/---
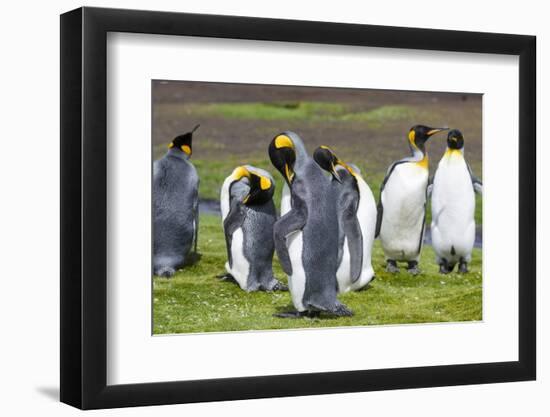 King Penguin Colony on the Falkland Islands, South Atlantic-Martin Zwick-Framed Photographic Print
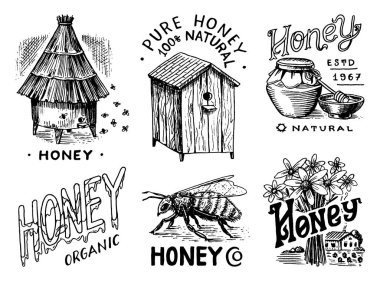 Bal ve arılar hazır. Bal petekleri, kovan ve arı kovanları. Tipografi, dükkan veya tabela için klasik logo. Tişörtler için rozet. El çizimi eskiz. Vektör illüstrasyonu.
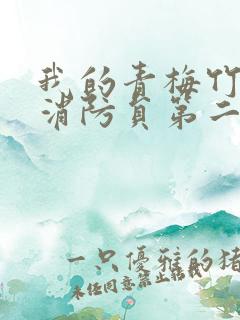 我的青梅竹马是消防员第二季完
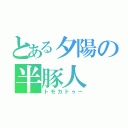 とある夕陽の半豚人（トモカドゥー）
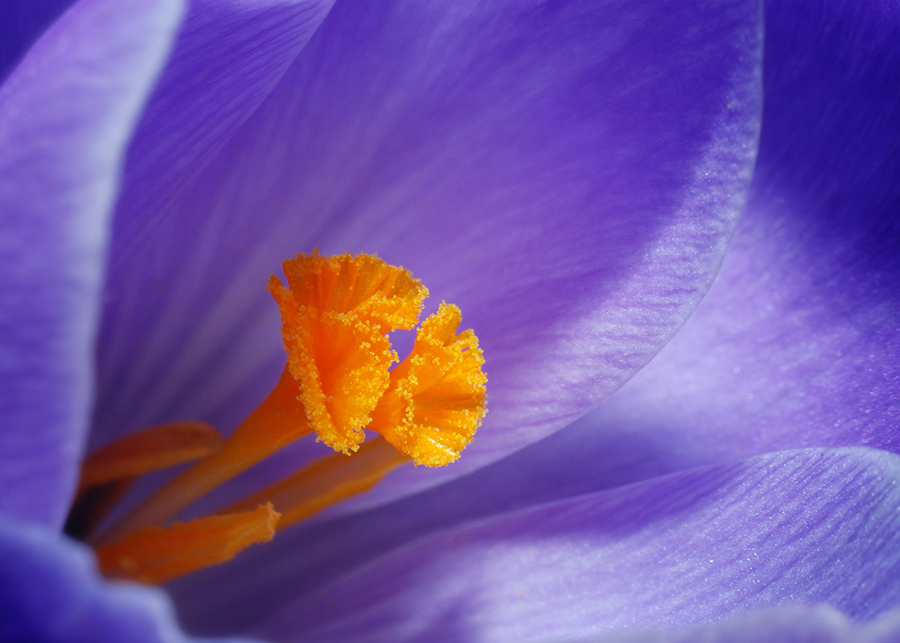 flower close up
\---
Leave out each picture and extract the lines from the one containing "我的青梅竹马是消防员第二季完" through the end of the records above, inclusive, exactly as they stand.

 我的青梅竹马是消防员第二季完
 とある夕陽の半豚人（トモカドゥー）
 flower close up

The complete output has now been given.